• Work order:
Set down the lines of the data exactly, starting at the first and stopping after the line containing "Bulk Live Waxworms 1000 Count".

• Record extracts:

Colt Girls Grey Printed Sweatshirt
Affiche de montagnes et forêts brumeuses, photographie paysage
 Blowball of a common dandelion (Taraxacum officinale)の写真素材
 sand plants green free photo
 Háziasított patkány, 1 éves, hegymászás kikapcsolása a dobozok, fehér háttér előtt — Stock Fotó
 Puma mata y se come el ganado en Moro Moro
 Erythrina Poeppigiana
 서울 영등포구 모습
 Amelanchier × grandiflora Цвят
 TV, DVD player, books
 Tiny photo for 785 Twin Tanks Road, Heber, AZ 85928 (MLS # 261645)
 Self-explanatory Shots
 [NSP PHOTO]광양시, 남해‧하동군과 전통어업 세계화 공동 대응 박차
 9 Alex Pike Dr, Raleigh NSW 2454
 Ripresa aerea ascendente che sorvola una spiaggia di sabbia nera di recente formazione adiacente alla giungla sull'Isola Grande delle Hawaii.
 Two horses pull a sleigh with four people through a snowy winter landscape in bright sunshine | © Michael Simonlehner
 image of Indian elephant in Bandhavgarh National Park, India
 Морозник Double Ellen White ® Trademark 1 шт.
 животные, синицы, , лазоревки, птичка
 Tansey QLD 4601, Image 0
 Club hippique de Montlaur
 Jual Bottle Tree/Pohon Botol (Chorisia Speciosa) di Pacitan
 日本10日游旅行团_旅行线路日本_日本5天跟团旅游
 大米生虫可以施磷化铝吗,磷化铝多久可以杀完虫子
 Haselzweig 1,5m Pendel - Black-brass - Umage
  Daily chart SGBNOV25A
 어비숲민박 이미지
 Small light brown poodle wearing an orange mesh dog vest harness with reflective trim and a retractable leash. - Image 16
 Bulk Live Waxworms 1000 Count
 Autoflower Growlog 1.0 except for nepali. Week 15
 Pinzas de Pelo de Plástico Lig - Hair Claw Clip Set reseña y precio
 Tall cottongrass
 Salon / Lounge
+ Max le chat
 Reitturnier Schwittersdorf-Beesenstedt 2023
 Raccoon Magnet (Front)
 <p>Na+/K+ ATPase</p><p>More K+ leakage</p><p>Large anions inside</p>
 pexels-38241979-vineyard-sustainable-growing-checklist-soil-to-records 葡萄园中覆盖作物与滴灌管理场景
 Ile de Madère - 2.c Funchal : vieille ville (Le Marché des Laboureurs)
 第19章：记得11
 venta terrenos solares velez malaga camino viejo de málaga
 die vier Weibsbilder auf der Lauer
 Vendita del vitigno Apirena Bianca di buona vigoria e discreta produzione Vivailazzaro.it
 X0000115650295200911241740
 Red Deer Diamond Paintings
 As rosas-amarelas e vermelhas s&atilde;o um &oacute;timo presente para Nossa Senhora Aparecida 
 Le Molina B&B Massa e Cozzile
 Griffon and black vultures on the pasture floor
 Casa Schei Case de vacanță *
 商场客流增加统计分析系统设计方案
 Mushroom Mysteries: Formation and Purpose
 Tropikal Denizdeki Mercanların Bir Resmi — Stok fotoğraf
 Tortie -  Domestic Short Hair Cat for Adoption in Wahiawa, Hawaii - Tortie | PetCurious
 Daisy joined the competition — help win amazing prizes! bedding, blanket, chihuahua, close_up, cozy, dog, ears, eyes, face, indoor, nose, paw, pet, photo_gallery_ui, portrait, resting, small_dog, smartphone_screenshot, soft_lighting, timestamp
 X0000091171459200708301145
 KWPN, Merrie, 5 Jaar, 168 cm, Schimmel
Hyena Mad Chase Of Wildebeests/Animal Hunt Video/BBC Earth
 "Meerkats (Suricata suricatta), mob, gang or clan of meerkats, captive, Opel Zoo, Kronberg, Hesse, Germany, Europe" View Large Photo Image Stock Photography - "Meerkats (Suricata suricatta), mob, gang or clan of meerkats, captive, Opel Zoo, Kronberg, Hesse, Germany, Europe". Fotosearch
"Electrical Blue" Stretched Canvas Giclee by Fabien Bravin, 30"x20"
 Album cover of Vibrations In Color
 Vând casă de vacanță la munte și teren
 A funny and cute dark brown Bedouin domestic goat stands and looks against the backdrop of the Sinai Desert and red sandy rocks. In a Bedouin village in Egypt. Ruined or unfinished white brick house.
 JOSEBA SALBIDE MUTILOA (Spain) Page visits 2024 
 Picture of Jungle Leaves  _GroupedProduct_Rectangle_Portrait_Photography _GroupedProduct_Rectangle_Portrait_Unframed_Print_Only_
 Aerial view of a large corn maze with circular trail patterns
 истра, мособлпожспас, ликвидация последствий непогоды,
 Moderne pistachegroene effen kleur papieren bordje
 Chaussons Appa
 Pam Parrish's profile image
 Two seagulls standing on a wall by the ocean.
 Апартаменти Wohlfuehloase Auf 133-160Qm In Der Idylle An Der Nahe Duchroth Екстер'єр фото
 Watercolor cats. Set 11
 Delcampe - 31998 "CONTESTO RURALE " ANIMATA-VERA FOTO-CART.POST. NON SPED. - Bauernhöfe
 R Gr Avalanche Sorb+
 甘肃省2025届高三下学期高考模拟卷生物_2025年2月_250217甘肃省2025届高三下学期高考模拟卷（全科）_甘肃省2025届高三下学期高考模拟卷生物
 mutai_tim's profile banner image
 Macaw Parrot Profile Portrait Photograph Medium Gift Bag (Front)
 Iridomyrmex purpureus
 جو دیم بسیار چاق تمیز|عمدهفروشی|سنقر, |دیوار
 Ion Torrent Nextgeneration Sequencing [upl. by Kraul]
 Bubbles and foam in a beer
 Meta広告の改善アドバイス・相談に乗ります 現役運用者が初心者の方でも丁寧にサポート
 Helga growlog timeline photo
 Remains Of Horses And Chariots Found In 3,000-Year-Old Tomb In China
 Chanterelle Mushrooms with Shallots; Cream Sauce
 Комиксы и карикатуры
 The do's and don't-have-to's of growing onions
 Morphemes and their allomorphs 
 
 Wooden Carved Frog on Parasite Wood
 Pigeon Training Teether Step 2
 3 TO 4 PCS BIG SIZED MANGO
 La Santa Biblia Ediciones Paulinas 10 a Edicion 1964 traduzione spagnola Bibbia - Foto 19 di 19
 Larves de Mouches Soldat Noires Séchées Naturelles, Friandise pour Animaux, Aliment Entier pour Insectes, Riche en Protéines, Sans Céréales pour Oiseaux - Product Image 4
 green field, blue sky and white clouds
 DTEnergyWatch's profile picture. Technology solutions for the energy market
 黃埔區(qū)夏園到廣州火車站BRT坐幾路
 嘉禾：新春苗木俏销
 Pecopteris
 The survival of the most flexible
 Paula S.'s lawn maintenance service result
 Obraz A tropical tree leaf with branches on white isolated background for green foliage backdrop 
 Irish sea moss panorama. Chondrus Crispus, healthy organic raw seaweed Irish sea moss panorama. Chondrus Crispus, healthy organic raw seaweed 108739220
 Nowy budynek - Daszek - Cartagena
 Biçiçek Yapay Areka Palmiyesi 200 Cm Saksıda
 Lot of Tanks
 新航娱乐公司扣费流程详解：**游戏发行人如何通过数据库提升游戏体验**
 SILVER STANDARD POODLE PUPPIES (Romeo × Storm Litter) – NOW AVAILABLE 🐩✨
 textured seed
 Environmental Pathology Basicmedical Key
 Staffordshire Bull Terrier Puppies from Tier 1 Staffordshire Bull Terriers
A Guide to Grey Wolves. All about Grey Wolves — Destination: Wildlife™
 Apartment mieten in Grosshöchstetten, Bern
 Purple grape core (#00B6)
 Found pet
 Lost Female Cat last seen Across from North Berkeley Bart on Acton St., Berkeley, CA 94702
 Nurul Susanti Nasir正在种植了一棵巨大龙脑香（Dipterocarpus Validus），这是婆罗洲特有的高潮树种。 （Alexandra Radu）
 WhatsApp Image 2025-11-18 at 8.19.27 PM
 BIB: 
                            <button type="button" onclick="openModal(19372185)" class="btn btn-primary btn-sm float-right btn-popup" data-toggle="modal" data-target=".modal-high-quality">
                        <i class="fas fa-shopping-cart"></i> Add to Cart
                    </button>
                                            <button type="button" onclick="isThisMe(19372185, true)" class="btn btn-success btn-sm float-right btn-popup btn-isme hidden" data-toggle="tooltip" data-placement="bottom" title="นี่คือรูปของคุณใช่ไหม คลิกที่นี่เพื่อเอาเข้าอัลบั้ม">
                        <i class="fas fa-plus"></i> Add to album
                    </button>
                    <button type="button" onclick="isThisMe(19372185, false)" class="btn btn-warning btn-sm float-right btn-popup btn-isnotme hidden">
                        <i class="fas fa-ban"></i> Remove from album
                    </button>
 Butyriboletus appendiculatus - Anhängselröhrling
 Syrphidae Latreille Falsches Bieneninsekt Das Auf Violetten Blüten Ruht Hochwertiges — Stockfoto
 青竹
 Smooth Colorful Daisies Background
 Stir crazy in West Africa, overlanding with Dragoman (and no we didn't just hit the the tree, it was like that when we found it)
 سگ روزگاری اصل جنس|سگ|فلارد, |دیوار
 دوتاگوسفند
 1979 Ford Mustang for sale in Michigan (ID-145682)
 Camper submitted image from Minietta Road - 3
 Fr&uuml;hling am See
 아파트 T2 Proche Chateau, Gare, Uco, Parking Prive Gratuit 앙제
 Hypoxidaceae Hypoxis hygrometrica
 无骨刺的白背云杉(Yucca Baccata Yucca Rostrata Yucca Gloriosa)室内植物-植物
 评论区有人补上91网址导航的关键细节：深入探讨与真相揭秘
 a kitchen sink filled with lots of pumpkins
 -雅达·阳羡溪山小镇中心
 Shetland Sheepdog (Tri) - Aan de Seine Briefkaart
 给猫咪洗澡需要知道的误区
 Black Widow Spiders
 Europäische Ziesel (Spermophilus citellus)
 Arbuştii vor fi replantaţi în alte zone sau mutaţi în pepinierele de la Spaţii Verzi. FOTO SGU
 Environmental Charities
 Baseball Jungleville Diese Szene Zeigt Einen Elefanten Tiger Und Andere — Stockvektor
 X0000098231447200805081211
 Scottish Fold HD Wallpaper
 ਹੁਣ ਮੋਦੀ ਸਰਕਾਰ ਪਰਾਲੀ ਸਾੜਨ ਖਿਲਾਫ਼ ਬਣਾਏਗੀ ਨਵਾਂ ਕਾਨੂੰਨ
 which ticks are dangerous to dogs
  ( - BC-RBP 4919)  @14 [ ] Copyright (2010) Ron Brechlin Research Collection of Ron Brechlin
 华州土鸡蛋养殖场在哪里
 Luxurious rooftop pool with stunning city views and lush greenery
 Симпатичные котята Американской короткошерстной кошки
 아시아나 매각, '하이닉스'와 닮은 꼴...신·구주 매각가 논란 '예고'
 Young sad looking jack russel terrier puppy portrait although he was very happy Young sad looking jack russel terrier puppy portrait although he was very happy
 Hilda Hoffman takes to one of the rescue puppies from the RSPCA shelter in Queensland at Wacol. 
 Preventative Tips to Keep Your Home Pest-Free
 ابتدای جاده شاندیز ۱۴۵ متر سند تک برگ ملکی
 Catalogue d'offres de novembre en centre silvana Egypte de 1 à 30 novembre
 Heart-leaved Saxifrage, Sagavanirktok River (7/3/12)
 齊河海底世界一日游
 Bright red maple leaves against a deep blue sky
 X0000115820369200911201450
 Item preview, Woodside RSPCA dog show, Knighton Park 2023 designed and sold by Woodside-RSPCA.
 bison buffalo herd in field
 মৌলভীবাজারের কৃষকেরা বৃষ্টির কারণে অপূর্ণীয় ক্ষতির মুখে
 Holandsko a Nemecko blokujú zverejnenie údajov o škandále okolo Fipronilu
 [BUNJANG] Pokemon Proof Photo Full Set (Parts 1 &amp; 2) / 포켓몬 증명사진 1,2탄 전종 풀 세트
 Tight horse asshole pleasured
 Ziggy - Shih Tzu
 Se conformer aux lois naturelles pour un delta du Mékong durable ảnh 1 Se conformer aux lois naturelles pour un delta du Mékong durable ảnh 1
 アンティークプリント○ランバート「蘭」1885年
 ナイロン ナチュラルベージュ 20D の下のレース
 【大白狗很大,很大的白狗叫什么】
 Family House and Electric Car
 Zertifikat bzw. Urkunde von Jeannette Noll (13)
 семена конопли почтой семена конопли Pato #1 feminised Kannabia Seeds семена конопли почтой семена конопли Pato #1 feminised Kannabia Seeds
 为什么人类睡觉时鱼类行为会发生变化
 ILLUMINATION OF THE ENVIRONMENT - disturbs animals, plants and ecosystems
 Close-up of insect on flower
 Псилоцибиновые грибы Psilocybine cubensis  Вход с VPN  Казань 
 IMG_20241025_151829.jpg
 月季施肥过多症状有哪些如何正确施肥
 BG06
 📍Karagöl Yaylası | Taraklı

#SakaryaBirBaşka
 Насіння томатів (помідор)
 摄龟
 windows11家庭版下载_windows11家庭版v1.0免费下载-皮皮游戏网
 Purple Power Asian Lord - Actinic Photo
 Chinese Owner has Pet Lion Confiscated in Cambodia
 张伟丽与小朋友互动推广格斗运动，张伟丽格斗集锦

• Answer for the task:
Colt Girls Grey Printed Sweatshirt
Affiche de montagnes et forêts brumeuses, photographie paysage
 Blowball of a common dandelion (Taraxacum officinale)の写真素材
 sand plants green free photo
 Háziasított patkány, 1 éves, hegymászás kikapcsolása a dobozok, fehér háttér előtt — Stock Fotó
 Puma mata y se come el ganado en Moro Moro
 Erythrina Poeppigiana
 서울 영등포구 모습
 Amelanchier × grandiflora Цвят
 TV, DVD player, books
 Tiny photo for 785 Twin Tanks Road, Heber, AZ 85928 (MLS # 261645)
 Self-explanatory Shots
 [NSP PHOTO]광양시, 남해‧하동군과 전통어업 세계화 공동 대응 박차
 9 Alex Pike Dr, Raleigh NSW 2454
 Ripresa aerea ascendente che sorvola una spiaggia di sabbia nera di recente formazione adiacente alla giungla sull'Isola Grande delle Hawaii.
 Two horses pull a sleigh with four people through a snowy winter landscape in bright sunshine | © Michael Simonlehner
 image of Indian elephant in Bandhavgarh National Park, India
 Морозник Double Ellen White ® Trademark 1 шт.
 животные, синицы, , лазоревки, птичка
 Tansey QLD 4601, Image 0
 Club hippique de Montlaur
 Jual Bottle Tree/Pohon Botol (Chorisia Speciosa) di Pacitan
 日本10日游旅行团_旅行线路日本_日本5天跟团旅游
 大米生虫可以施磷化铝吗,磷化铝多久可以杀完虫子
 Haselzweig 1,5m Pendel - Black-brass - Umage
  Daily chart SGBNOV25A
 어비숲민박 이미지
 Small light brown poodle wearing an orange mesh dog vest harness with reflective trim and a retractable leash. - Image 16
 Bulk Live Waxworms 1000 Count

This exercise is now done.